En novembre dernier, Hugues Dufourt a accroché un nouveau chef-d'œuvre en son musée imaginaire. Voyage par-delà les fleuves et les monts, créé par l'Orchestre Philharmonique de Nice pousse plus loin que jamais l'exigence d'une écriture qui soit l'expression d'un monde sonore nouveau.

Déjà, au moment de la création de Surgir par l'Orchestre de Paris il y a un quart de siècle, une intuition un rien provocatrice lui faisait écrire : « L'orchestre me paraît être encore un instrument sous-exploité et en retard sur ses possibilités ». Une intuition ? Une conviction plutôt, qui l'avait poussé à s'associer dès le début des années soixante-dix à quelques autres compositeurs insatisfaits des voies traditionnelles de l'écriture – dont Gérard Grisey, Tristan Murail et Michaël Levinas – pour penser la musique autrement et s'en donner les moyens instrumentaux – ce sera, en l'occurence, l'ensemble L'Itinéraire.

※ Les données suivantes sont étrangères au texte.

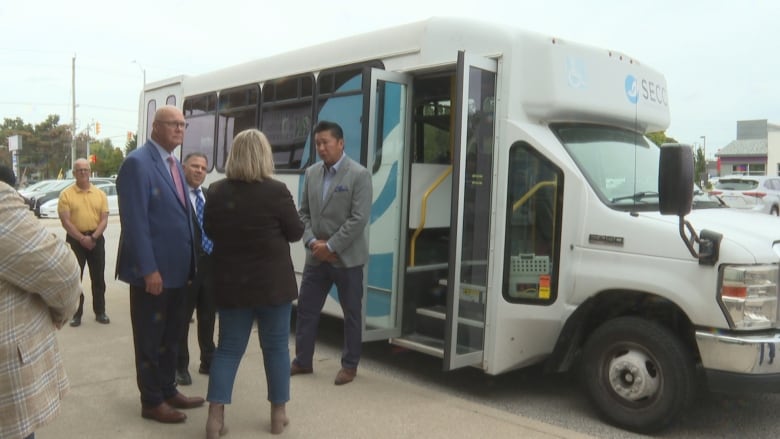 A group of people in conversation outside a shuttle bus.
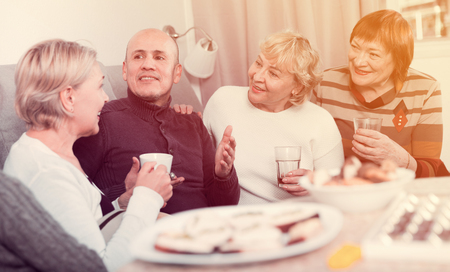 Smiling aged friends are sitting at table with tea and talking about life at home.の写真素材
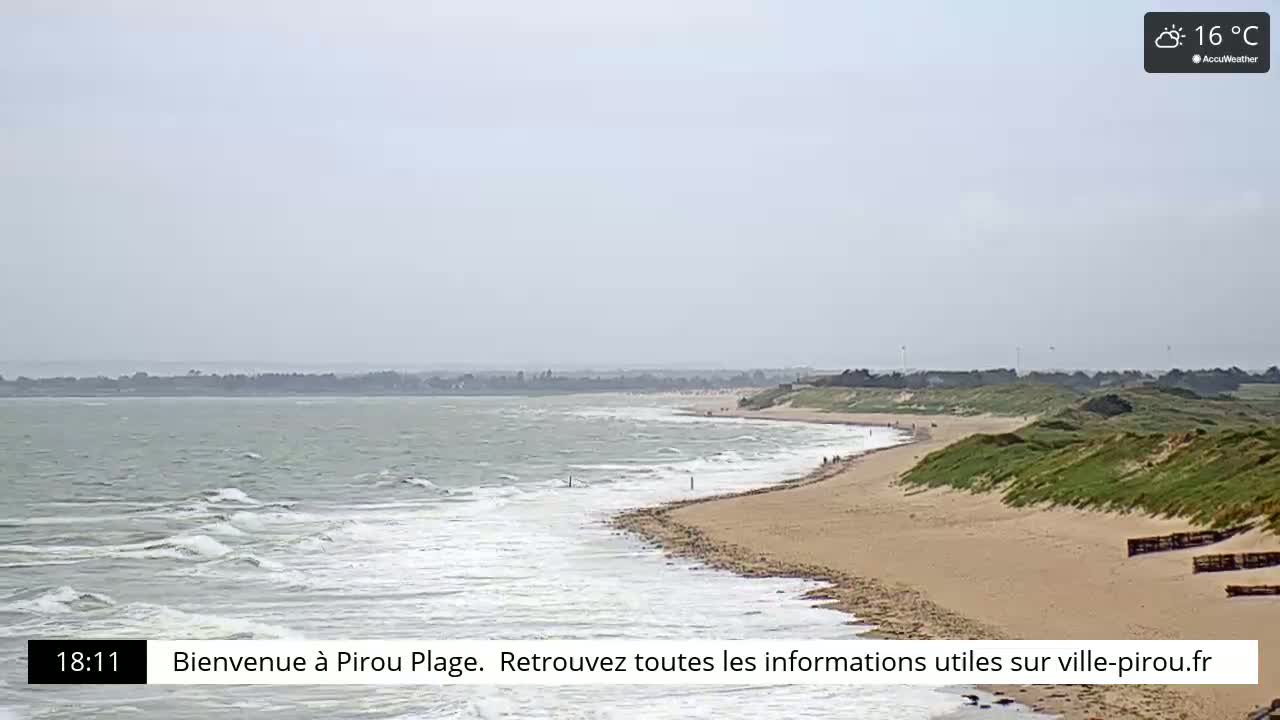 A sandy beach curves gently along a coastline, with calm waves lapping the shore under a partly cloudy sky.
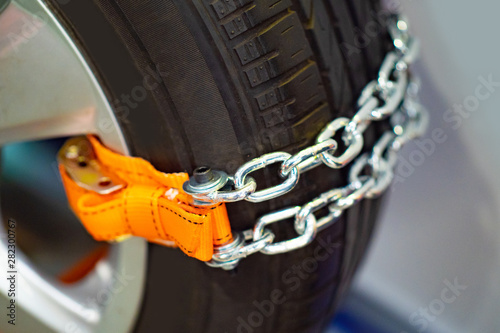 Chains for riding in the snow. Anti-slip agent. Chain on wheels against slipping. Driving safety in winter. Chains are mounted on the wheel of a car. Ensuring safe driving in the snow. Anti-slip agent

Comme les fondateurs de la musique « spectrale », Hugues Dufourt voulait donner toute sa place au timbre, « substance même de la composition », quand il n'était encore qu'une « figure claudicante », « un badigeon de couleur appliqué après coup au discours ».

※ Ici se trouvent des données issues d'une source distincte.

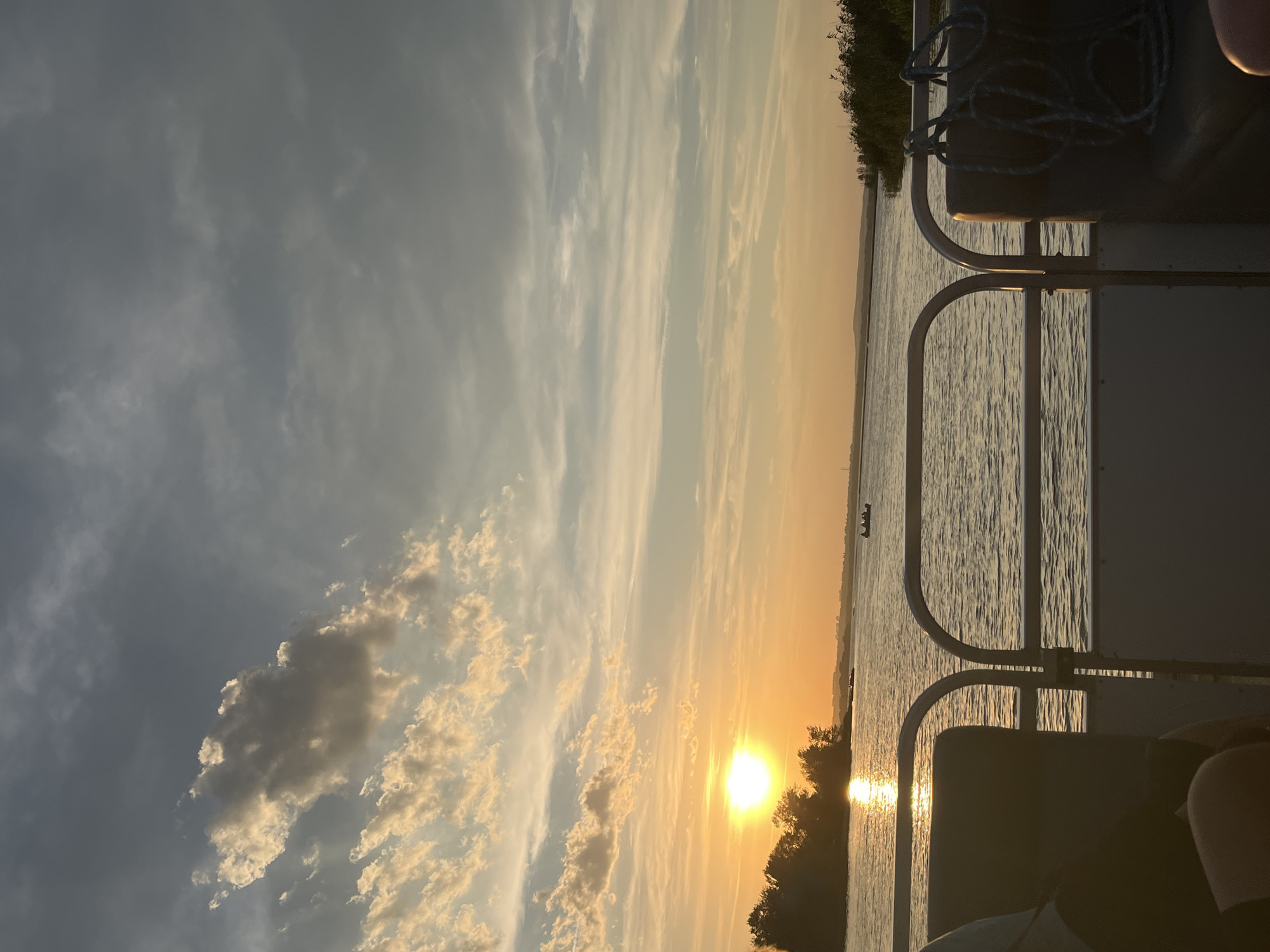 The image depicts a serene sunset over a body of water, viewed from the deck of a boat. The sun, a bright orb casting a warm glow, is low on the horizon, partially obscured by a silhouette of trees on the left side of the frame. The water reflects the golden hues of the sunset, with gentle ripples disturbing its surface. In the distance, several small boats with people can be seen. The sky is a gradient of soft blues and oranges, with scattered clouds catching the light. The foreground of the image shows parts of the boat's interior, including seating and railings, suggesting a leisurely boat trip. There are no discernible landmarks that would indicate the specific location of Shumeika, Russia.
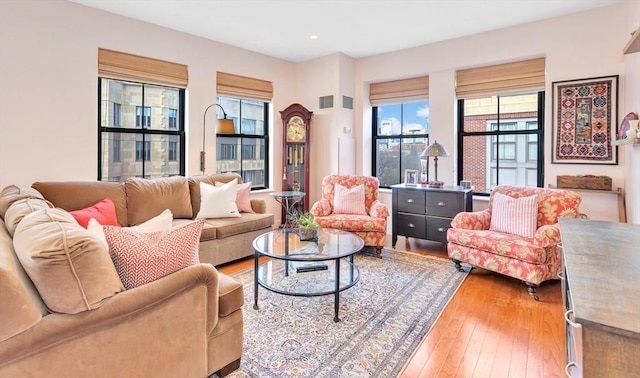 living room featuring wood-type flooring, recessed lighting, a healthy amount of sunlight, and visible vents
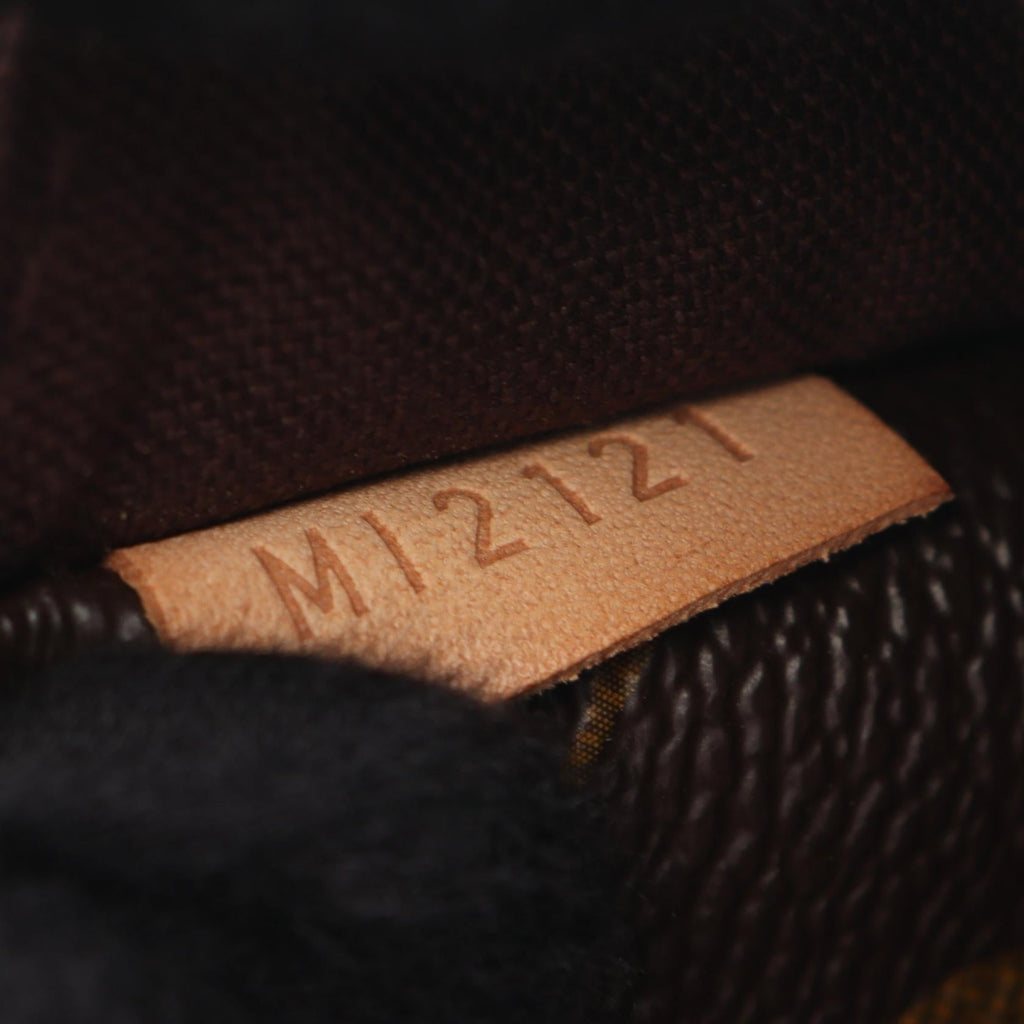 LOUIS VUITTON Menilmontant MM · Monogram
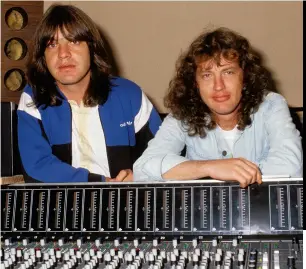 ??  ?? left Blood brothers: Malcolm and Angus in a recording studio in Sydney circa 1987/1988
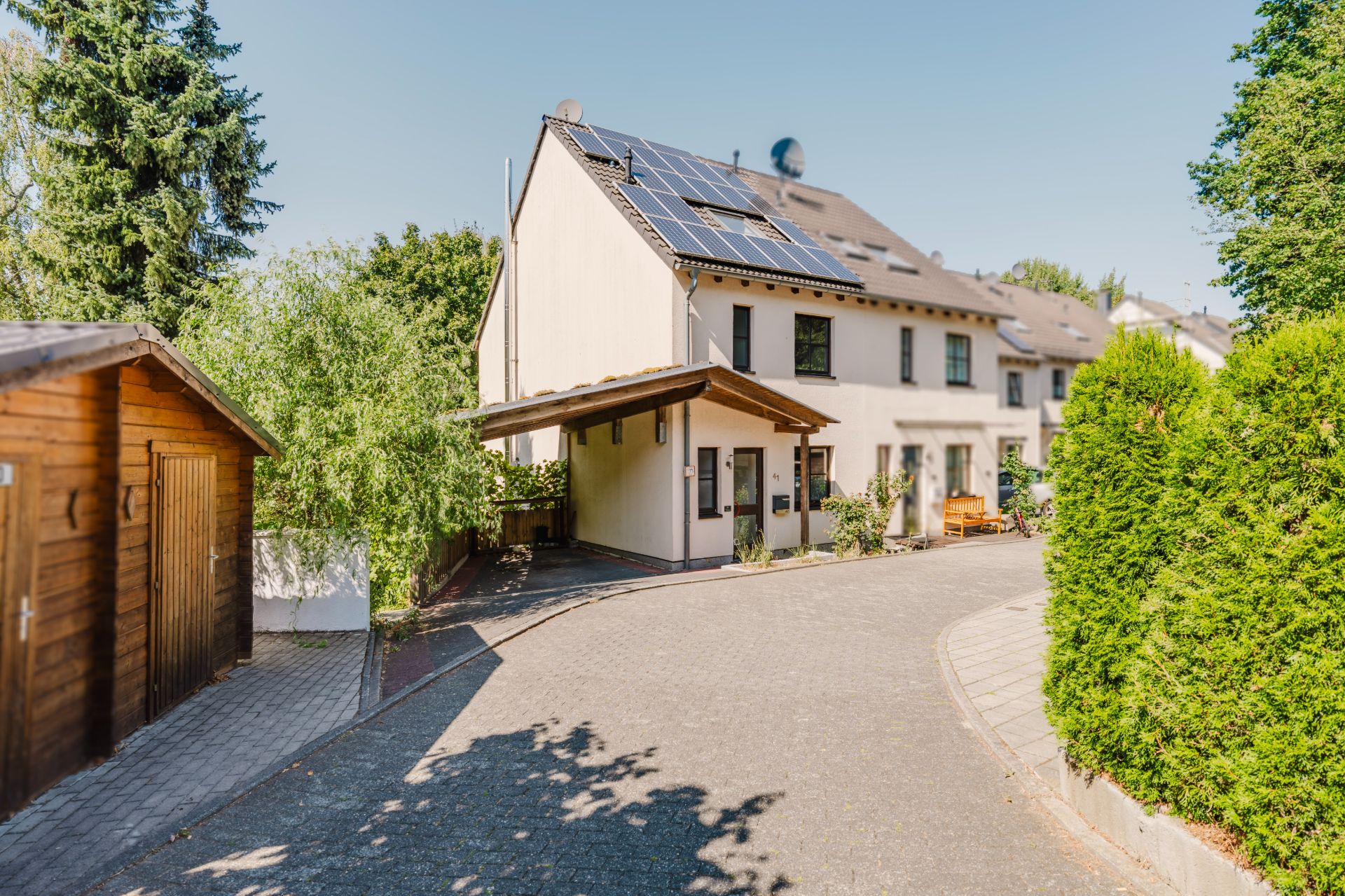 Modernes Wohnhaus mit Solarpanels auf dem Dach, gepflasterter Weg und umgeben von Bäumen und Sträuchern.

Aujourd'hui, Hugues Dufourt persiste : « Les qualités premières traditionnelles de la musique – l'harmonie, le contrepoint, la rythmique – ne disparaissent pas mais sont amenées à passer à l'arrière-plan ; elles ne sont plus destinées à être entendues comme telles ». Il ne s'agit pas là d'une simple posture théorique, mais bel et bien d'une pensée préalable, qui anime l'œuvre du compositeur: « Tout l'effort auquel je me suis livré est d'imaginer comment passer de manière insensible d'un timbre à une harmonie, d'une harmonie à un flux, d'un flux à un grain, à des mouvements, à une rythmique. Toutes ces composantes peuvent fusionner, se juxtaposer autour d'un seuil et créer des phénomènes de perception paradoxaux ».

Le discours du compositeur est tout autant d’un philosophe quand il décrit, par exemple, l’évolution de l’écriture au xxe siècle vers l’infiniment grand (il pointe alors « la dimension cosmique d’événements temporels dépassant l’échelle humaine » chez des compositeurs tels Xenakis) en même temps que vers l’infime (et il compare les mondes nouveaux découverts par Gérard Grisey à ceux qu’a révélés la lunette de Galilée).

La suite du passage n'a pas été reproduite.